The docs are out of date / incomplete. Jsoup does use the charset meta tag, as well as the http-equiv tag to detect the charset. From the source, we see that this method looks like this:
public static Document parse(File in, String charsetName) throws IOException {
return DataUtil.load(in, charsetName, in.getAbsolutePath());
}
DataUtil.load in turn calls parseByteData(...), which looks like this: (Source, scroll down)
//reads bytes first into a buffer, then decodes with the appropriate charset. done this way to support
// switching the chartset midstream when a meta http-equiv tag defines the charset.
// todo - this is getting gnarly. needs a rewrite.
static Document parseByteData(ByteBuffer byteData, String charsetName, String baseUri, Parser parser) {
String docData;
Document doc = null;
if (charsetName == null) { // determine from meta. safe parse as UTF-8
// look for <meta http-equiv="Content-Type" content="text/html;charset=gb2312"> or HTML5 <meta charset="gb2312">
docData = Charset.forName(defaultCharset).decode(byteData).toString();
doc = parser.parseInput(docData, baseUri);
Element meta = doc.select("meta[http-equiv=content-type], meta[charset]").first();
if (meta != null) { // if not found, will keep utf-8 as best attempt
String foundCharset = null;
if (meta.hasAttr("http-equiv")) {
foundCharset = getCharsetFromContentType(meta.attr("content"));
}
if (foundCharset == null && meta.hasAttr("charset")) {
try {
if (Charset.isSupported(meta.attr("charset"))) {
foundCharset = meta.attr("charset");
}
} catch (IllegalCharsetNameException e) {
foundCharset = null;
}
}
(Snip...)
The following line from the above code snippet shows us that indeed, it uses either meta[http-equiv=content-type] or meta[charset] to detect the encoding, otherwise falling back to utf8.

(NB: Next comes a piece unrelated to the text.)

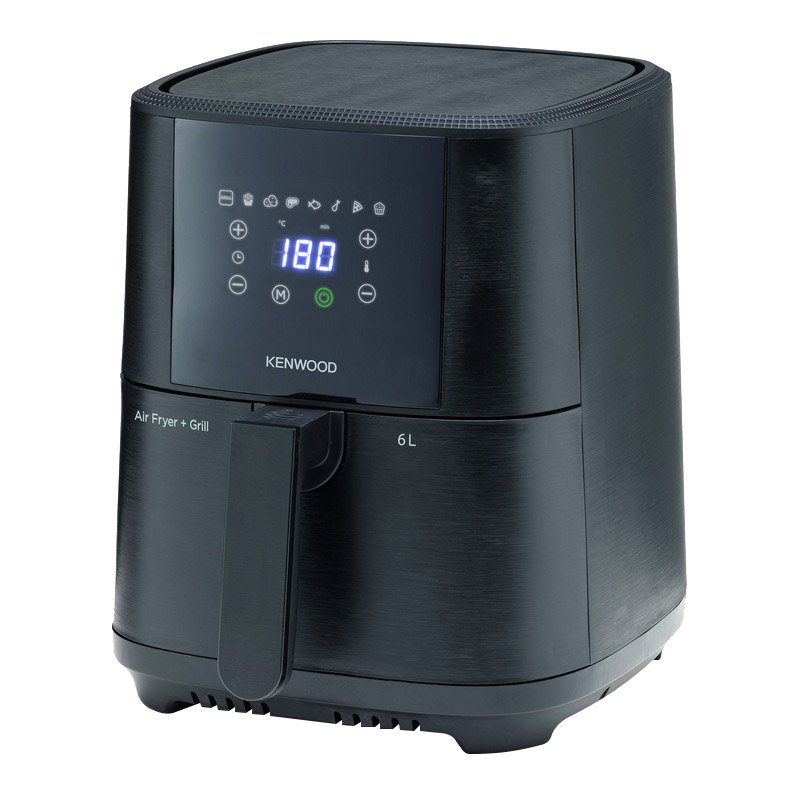 Friteuse Sans Huile Kenwood 6l Hfp05.000bk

Element meta = doc.select("meta[http-equiv=content-type], meta[charset]").first();
I'm not quite sure what you mean here, but no, the output charset setting controls what characters are escaped when the document HTML / XML is printed to string, whereas the input charset determines how the file is read.
It will only ever remove meta[name=charset] items. From the source, the method which updates / removes the charset definition in the document: (Source, again scroll down)

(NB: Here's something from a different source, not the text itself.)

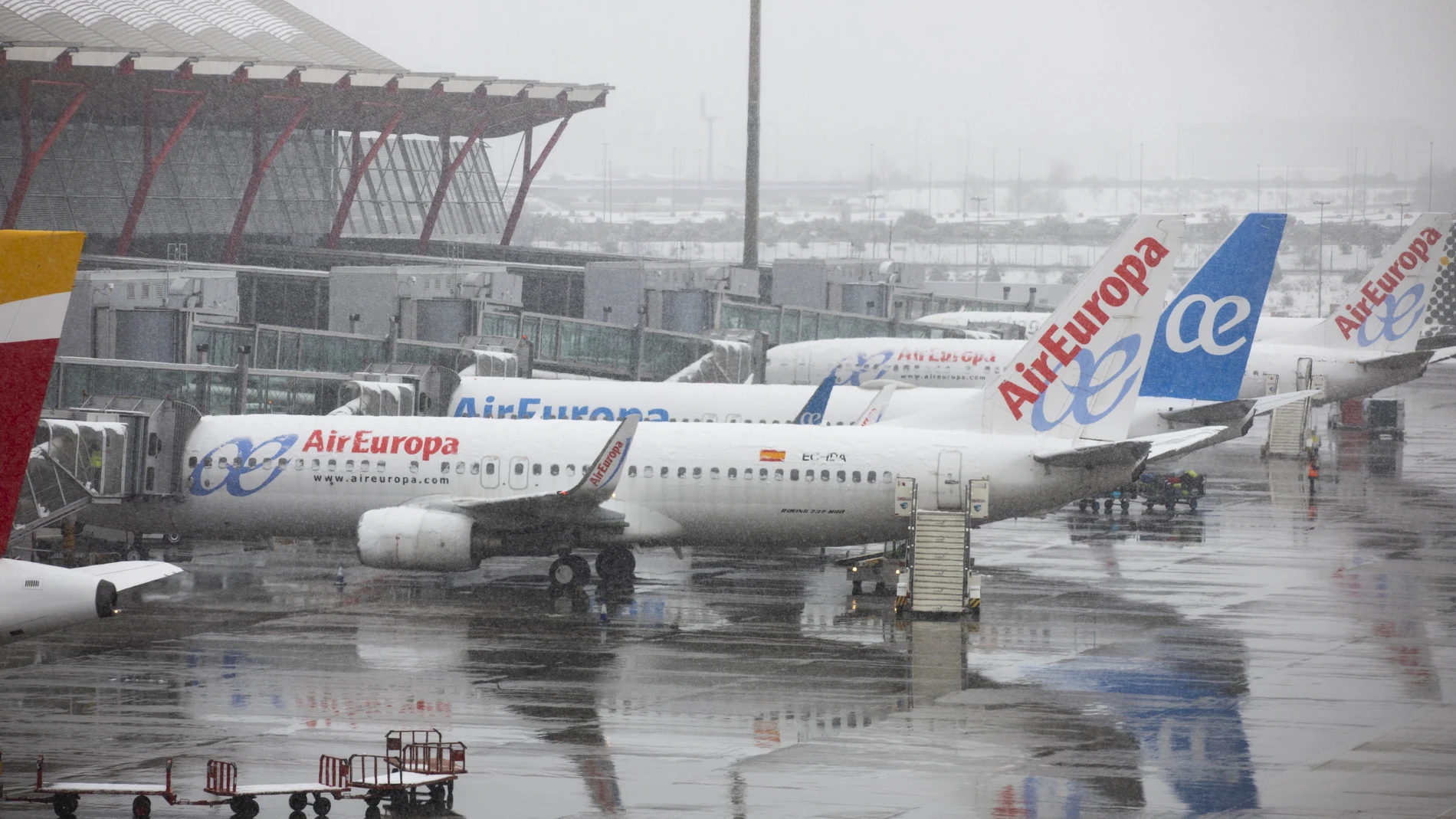 Aviones de Air Europa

private void ensureMetaCharsetElement() {
if (updateMetaCharset) {
OutputSettings.Syntax syntax = outputSettings().syntax();
if (syntax == OutputSettings.Syntax.html) {
Element metaCharset = select("meta[charset]").first();
if (metaCharset != null) {
metaCharset.attr("charset", charset().displayName());
} else {
Element head = head();
if (head != null) {
head.appendElement("meta").attr("charset", charset().displayName());
}
}
// Remove obsolete elements
select("meta[name=charset]").remove();
} else if (syntax == OutputSettings.Syntax.xml) {
(Snip..)
Essentially, if you call charset(...) and it does not have a charset meta tag, it will add one, otherwise update the existing one. It does not touch the http-equiv tag.
If you want to find out if the documet specifies an encoding, just look for http-equiv charset or meta charset tags, and if there are no such tags, this means that the document does not specify an encoding.
Jsoup is opens source, you can look at the source yourself to see exactly how it works: https://github.com/jhy/jsoup/ (You can also modify it to do exactly what you want!)
I'll update this answer with further details when I have time. Let me know if you have any other questions.